Collected data:
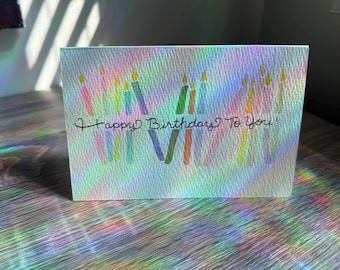 May include: A birthday card with the message "Happy Birthday To You!" written in black script. The card features colorful, painted candles with yellow flames. The card is on a wooden surface with rainbow light reflections.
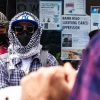 An anti-Israel protester wearing a keffiyeh mask and sunglasses in Brooklyn, N.Y., May 10, 2025. Photo by Madison Swart/Hans Lucas/AFP via Getty Images.
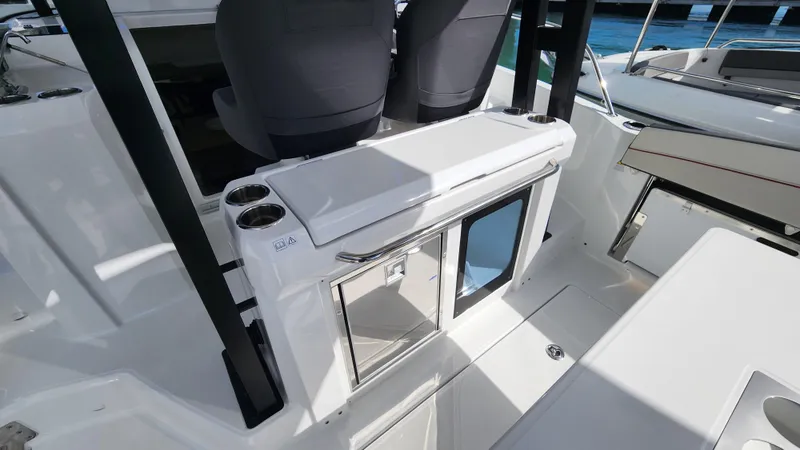 Slide: The Image of 2024 Jeanneau Leader 9.0 WA S2 cockpit with seating and storage. - 13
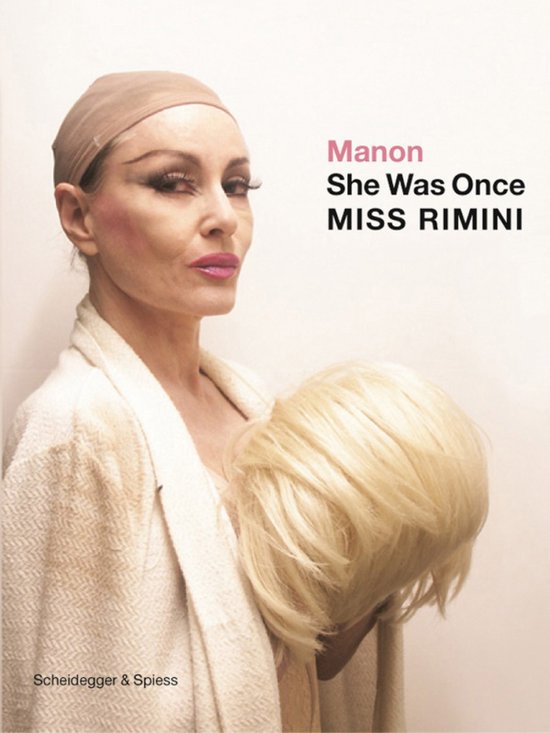 Vrouw met beige haarkapje houdt blonde pruik vast, met tekst 'Manon She Was Once MISS RIMINI' op witte achtergrond.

Work instructions:
Leave every picture out and set down exactly the lines running from the one with "Slide: The Image" to the last line of the material above.

Task answer:
 Slide: The Image of 2024 Jeanneau Leader 9.0 WA S2 cockpit with seating and storage. - 13
 Vrouw met beige haarkapje houdt blonde pruik vast, met tekst 'Manon She Was Once MISS RIMINI' op witte achtergrond.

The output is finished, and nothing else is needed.